[Start of section]

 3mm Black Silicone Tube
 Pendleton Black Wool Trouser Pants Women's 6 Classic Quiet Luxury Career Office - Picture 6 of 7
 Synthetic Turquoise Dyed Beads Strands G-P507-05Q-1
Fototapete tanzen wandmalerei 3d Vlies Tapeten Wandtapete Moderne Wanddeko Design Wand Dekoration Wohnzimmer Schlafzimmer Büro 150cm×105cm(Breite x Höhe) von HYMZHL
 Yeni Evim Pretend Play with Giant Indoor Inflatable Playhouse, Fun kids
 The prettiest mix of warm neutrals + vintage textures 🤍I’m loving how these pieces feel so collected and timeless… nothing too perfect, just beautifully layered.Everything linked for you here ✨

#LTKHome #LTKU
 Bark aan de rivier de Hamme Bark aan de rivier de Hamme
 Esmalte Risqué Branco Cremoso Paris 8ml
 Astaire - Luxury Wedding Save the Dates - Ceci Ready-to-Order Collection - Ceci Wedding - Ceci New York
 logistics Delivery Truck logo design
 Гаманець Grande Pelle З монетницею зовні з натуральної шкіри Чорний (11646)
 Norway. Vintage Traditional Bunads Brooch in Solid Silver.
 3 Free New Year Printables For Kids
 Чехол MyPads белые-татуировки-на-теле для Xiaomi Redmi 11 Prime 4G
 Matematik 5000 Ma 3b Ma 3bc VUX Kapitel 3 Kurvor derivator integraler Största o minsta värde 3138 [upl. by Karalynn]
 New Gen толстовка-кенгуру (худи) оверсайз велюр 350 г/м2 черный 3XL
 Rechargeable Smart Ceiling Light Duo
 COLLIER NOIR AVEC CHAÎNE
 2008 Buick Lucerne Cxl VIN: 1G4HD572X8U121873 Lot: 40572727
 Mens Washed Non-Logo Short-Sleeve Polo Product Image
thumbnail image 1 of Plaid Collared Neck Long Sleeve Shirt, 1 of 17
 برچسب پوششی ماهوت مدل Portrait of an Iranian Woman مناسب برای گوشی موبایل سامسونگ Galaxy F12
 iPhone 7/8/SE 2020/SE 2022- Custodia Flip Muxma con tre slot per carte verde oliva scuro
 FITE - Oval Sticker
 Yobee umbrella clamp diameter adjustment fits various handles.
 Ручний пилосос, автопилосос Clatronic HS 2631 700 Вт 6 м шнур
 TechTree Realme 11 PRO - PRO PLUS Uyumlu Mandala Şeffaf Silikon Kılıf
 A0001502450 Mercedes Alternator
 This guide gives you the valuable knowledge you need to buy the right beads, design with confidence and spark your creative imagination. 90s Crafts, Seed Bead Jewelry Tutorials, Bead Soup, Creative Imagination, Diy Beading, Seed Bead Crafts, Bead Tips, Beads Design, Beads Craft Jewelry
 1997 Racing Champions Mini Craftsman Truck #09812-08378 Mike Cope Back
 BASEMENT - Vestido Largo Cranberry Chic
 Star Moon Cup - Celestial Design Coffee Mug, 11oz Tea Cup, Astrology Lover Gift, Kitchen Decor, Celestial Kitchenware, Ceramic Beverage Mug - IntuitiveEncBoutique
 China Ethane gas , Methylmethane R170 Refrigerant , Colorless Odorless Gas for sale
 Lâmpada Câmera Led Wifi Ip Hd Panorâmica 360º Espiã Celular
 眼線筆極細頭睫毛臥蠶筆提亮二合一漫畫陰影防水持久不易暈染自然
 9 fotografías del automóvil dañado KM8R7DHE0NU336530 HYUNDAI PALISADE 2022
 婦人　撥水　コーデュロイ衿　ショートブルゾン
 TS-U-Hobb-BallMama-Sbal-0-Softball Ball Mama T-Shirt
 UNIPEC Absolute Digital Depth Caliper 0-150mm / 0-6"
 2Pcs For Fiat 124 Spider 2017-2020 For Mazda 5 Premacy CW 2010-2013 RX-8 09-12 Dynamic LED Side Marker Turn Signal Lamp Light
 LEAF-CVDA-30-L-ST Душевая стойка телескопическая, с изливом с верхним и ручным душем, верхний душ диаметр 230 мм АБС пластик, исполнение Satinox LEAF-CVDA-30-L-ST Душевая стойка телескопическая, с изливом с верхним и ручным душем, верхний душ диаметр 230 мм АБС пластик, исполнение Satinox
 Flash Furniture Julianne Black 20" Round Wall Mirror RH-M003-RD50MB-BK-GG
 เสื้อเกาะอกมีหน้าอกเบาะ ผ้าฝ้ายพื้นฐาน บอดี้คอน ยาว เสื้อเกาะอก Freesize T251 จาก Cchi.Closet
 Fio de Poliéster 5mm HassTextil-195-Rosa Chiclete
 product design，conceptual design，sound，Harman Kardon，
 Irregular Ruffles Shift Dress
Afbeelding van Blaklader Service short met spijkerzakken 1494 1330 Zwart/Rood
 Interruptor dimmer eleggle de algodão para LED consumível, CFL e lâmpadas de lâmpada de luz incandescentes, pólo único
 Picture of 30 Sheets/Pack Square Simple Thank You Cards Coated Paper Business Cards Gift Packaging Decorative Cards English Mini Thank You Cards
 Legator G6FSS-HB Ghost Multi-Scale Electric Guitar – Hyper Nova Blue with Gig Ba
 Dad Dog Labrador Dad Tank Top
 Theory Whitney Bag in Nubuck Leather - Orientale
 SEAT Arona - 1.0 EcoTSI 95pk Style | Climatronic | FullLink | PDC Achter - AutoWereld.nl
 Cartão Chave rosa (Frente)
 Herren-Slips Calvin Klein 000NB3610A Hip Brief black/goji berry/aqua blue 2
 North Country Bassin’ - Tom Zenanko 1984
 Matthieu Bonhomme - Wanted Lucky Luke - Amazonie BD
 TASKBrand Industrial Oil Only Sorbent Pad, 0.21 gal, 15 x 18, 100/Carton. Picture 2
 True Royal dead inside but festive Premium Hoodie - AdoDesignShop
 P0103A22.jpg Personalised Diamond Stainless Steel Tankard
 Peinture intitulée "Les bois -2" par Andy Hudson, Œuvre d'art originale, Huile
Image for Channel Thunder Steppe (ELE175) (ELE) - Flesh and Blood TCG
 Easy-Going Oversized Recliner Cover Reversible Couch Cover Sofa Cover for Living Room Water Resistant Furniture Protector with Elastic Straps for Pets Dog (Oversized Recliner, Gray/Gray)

[End of section]

In the material above, transcribe exactly the lines beginning at the one with "#LTKHome #LTKU" and ending at the one with "Гаманець Grande Pelle", both included.

#LTKHome #LTKU
 Bark aan de rivier de Hamme Bark aan de rivier de Hamme
 Esmalte Risqué Branco Cremoso Paris 8ml
 Astaire - Luxury Wedding Save the Dates - Ceci Ready-to-Order Collection - Ceci Wedding - Ceci New York
 logistics Delivery Truck logo design
 Гаманець Grande Pelle З монетницею зовні з натуральної шкіри Чорний (11646)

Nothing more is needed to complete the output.